Durante los años veintes de nuestro siglo, aparecieron dos trabajos fundamentales que planteaban un esquema mediante el cual podría haberse originado la vida en la Tierra. Los autores de estos trabajos, que fueron hechos independientemente, fueron el bioquímico soviético Alexander Oparin y el biólogo inglés John B. S. Haldane. En esencia, el razonamiento presentado separadamente por Oparin y Haldane puede describirse como sigue. La atmósfera primitiva de la Tierra no era rica en oxígeno como lo es la actual. En particular, no contenía ozono, una molécula formada a partir de tres átomos de oxígeno. El ozono que existe en la atmósfera actual detiene en las capas superiores atmosféricas a la radiación ultravioleta del Sol, la cual es capaz de activar químicamente a la materia. Como la atmósfera primitiva de la Tierra no tenía ozono, la radiación ultravioleta del Sol podía llegar hasta la superficie terrestre. Se sabe que cuando la radiación ultravioleta actúa sobre una mezcla de agua, bióxido de carbón y amoniaco, se producen una gran variedad de substancias orgánicas, incluyendo azúcares y aparentemente algunas de las substancias que forman a las proteínas. De estas proteínas se formarían, supuestamente, grandes moléculas capaces de replicarse y de algún modo, de éstas se llegaría a los primeros organismos unicelulares. Esta secuencia especulativa de eventos no ha sido comprobada en el laboratorio en su totalidad. Sin embargo, los experimentos realizados por Stanley L. Miller y Harold C. Urey en la Universidad de Chicago a principios de los cincuentas indican que al menos los primeros pasos del origen de la vida pueden reproducirse en el laboratorio. Miller y Urey tomaron una mezcla de hidrógeno, metano, amoniaco y agua (todos estos componentes en forma gaseosa) y le hicieron pasar descargas eléctricas para simular las condiciones que se cree existieron en la Tierra primitiva. Obtuvieron que de este experimento se producían compuestos más complejos, en particular aminoácidos que son los bloques de los que se forman las proteínas. Por desgracia, el paso de los aminoácidos a las células es gigantesco y su duplicación en el laboratorio aún no ha sido lograda.

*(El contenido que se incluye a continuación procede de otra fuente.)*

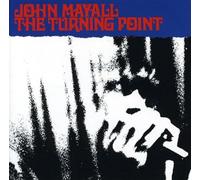 Mayall, John - Turning Point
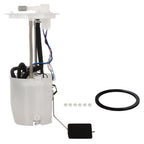 Fuel Pump Assembly for Mitsubishi Outlander (2007–2011)
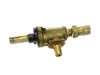 VALVE- TOP – Part Number: 74010756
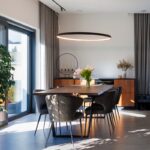 Katarzyna Szramek_Geberit_fot. Krzysztof Matuszynski (3)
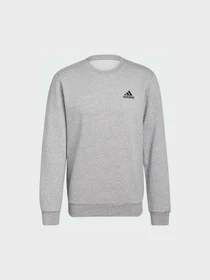 Худи и свитшоты Adidas модель H12221 Фото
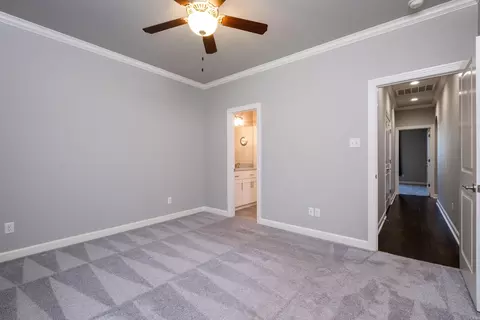 1583 Calcutta Dr, Cabot, AR 72023 photo 44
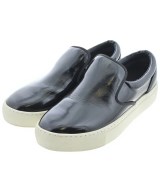 JUNYA WATANABE MAN（ジュンヤワタナベマン）スニーカー 黒 サイズ:27cm メンズ/2200628513021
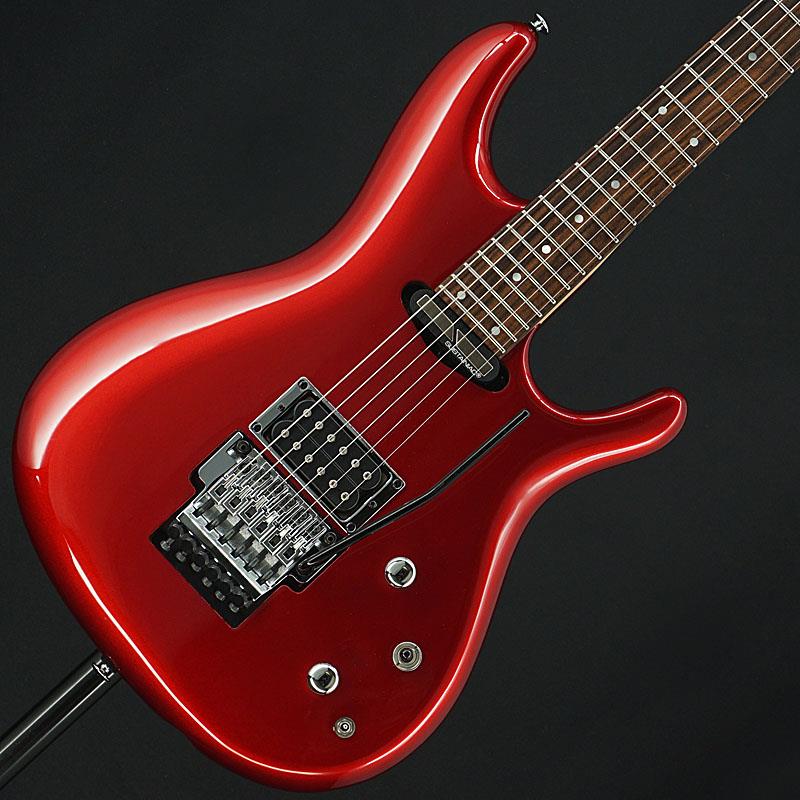 Ibanez M20S ハードケース Ibanez M20S ハードケース 特別ホビー・楽器・アート - Ibanez M20S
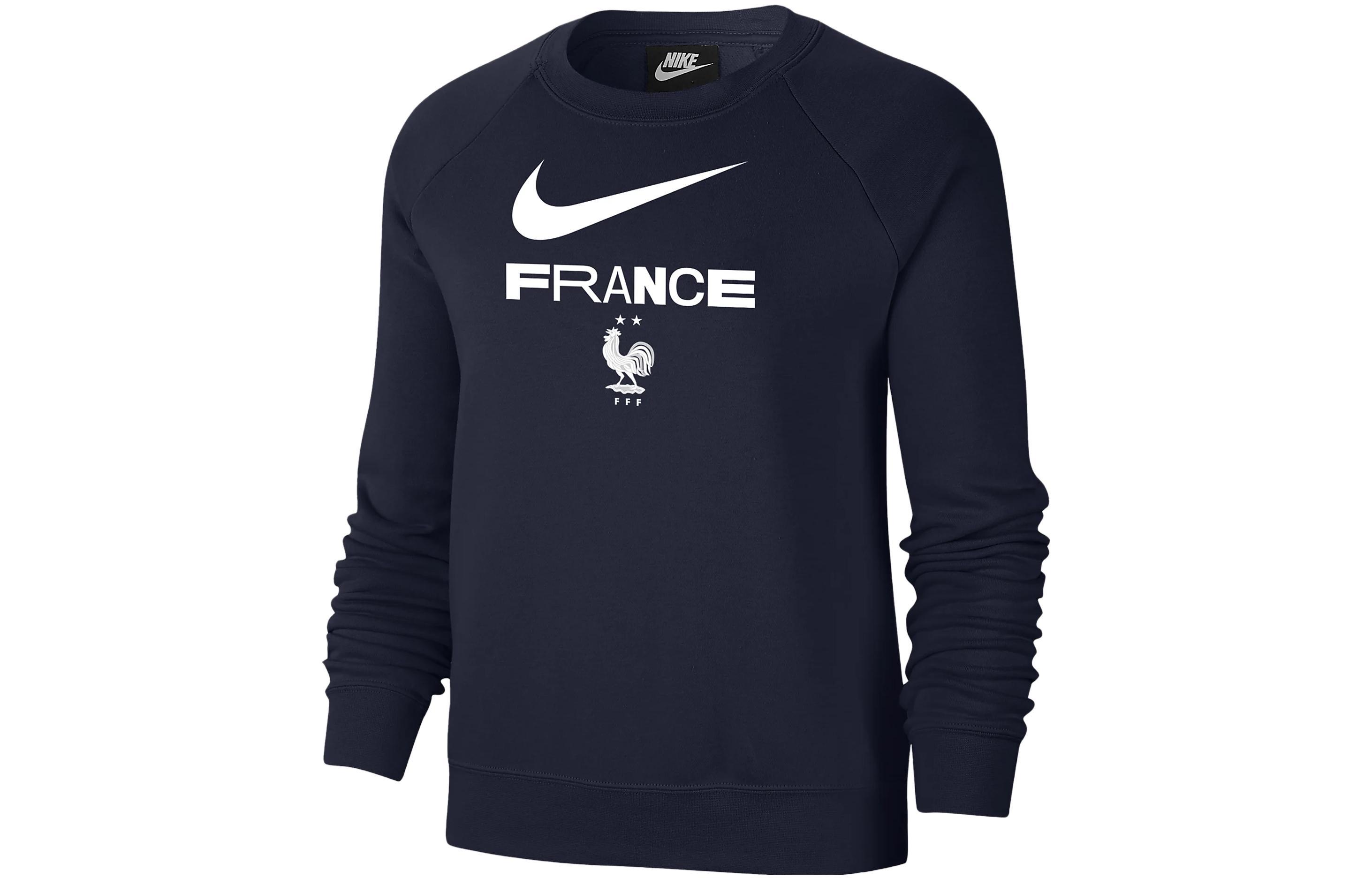 Nike Футболка SS23 T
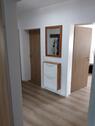 Foto - Etagenwohnung zum Kaufen in Lingen (Ems)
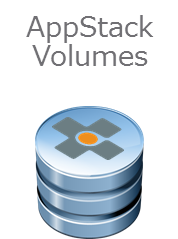 EUC8_components_appstack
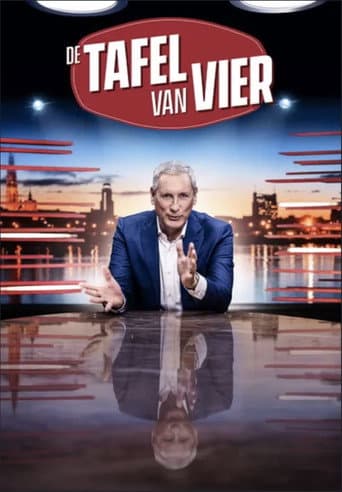 De Tafel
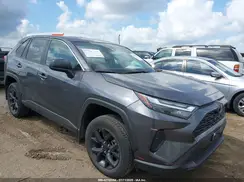 2T3H1RFV7RC263202 2024 TOYOTA RAV 4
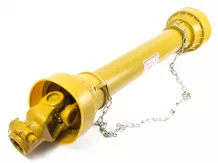 Kardántengely 20LE (15kW), 800mm 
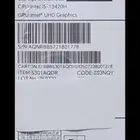 فرصه لا تعوض لابتوب هونر ماجيك بوك X14 جديد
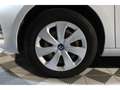 Renault ZOE Z.E 50 R110 Life PHASE 2 -SUIVIE Blanc - thumbnail 25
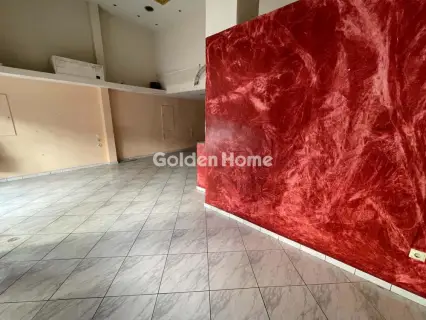 Κατάστημα 191τ.μ. προς πώληση φωτογραφία 5677897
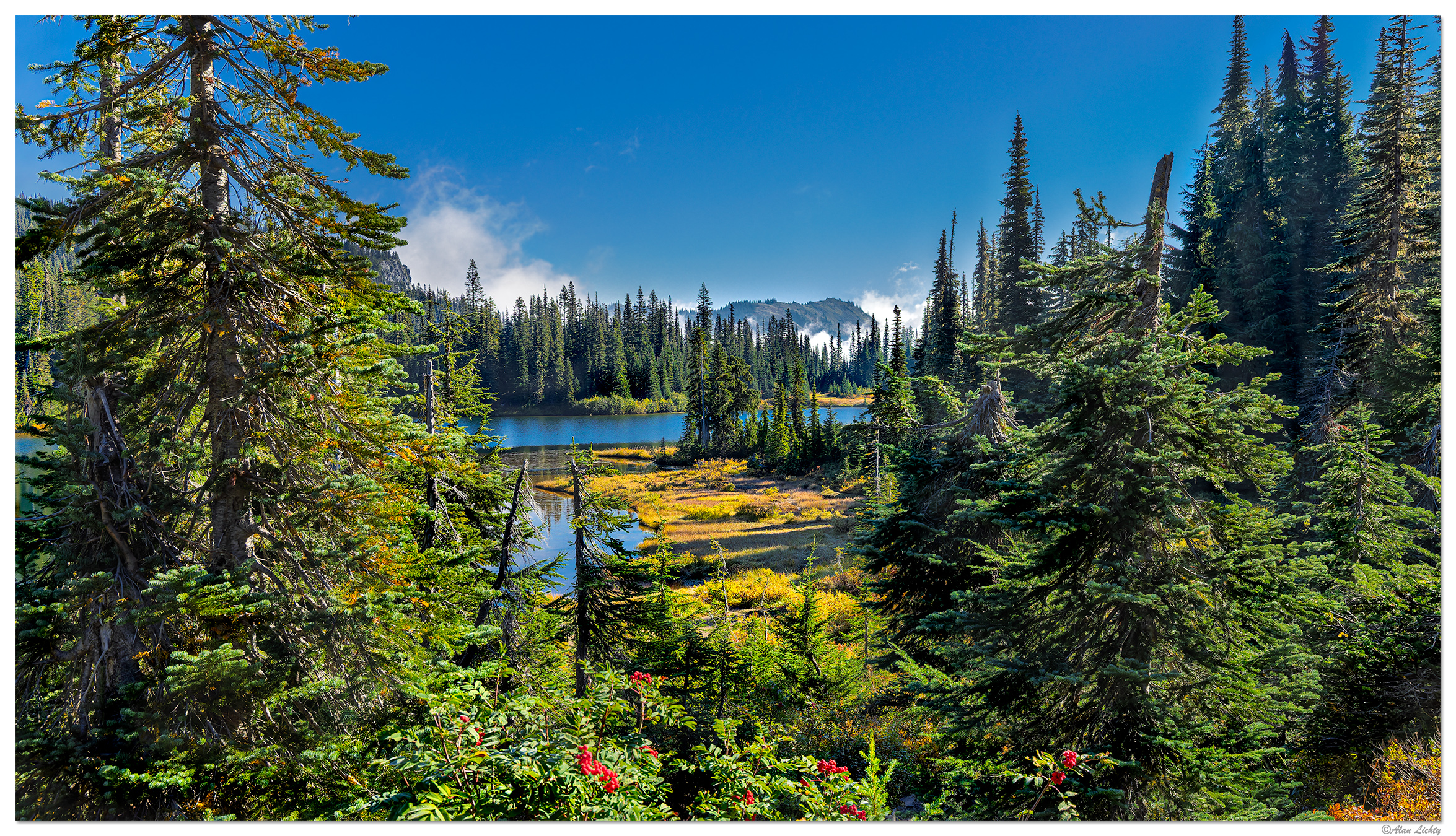 CR5m2_ReflectionLakesEast092525.jpg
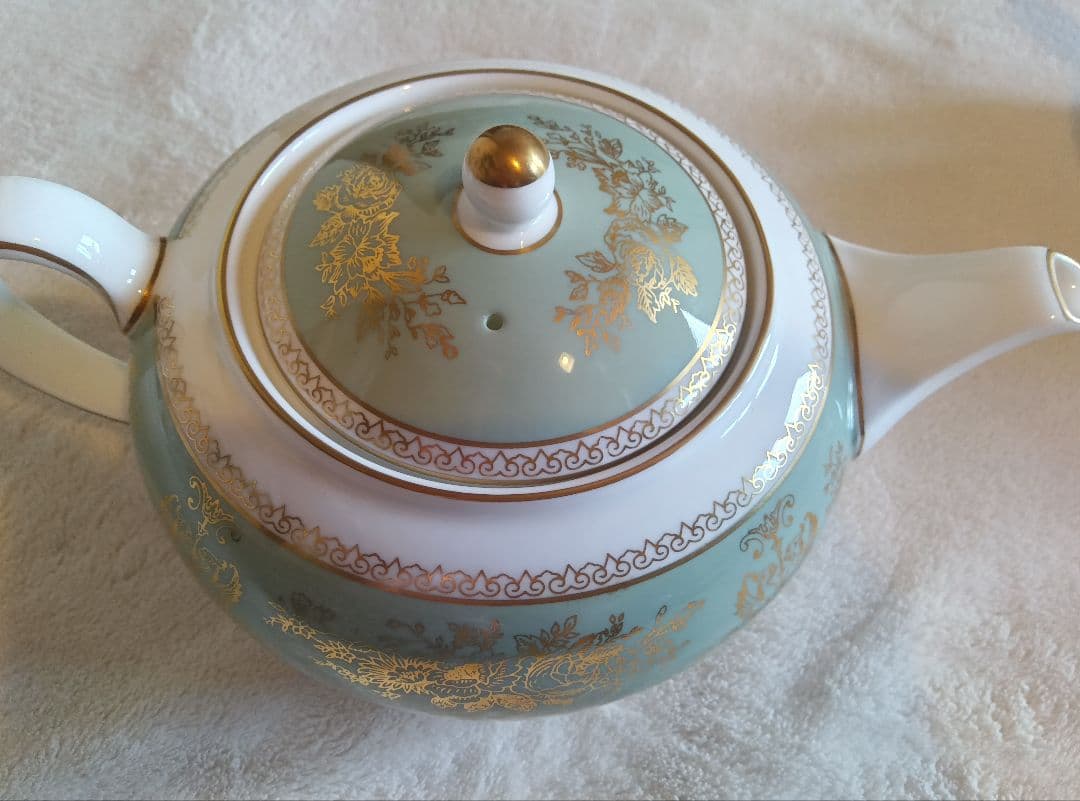 ウェッジウッドまとめ売り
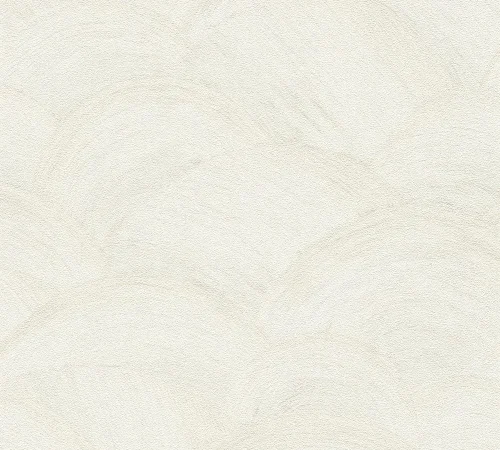 METROPOLITAN STYLE  39105-5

De cualquier manera los experimentos de Miller y Urey sugieren que la aparición de la vida es un fenómeno natural que se da si hay las condiciones propicias. Otra indicación de que la vida es un proceso natural nos la da la composición química del Universo. Los seis elementos químicos más abundantes del Universo son el hidrógeno, el helio, el carbono, el nitrógeno, el oxígeno y el neón.
El helio y el neón forman parte de los llamados gases nobles, o sea que no se juntan entre sí o con otros elementos para formar moléculas. Los restantes cuatro elementos hidrógeno, carbono, nitrógeno y oxígeno son precisamente los más abundantes en la constitución del ser humano. O sea, que nuestra composición química, a grandes rasgos, refleja a la composición del Universo.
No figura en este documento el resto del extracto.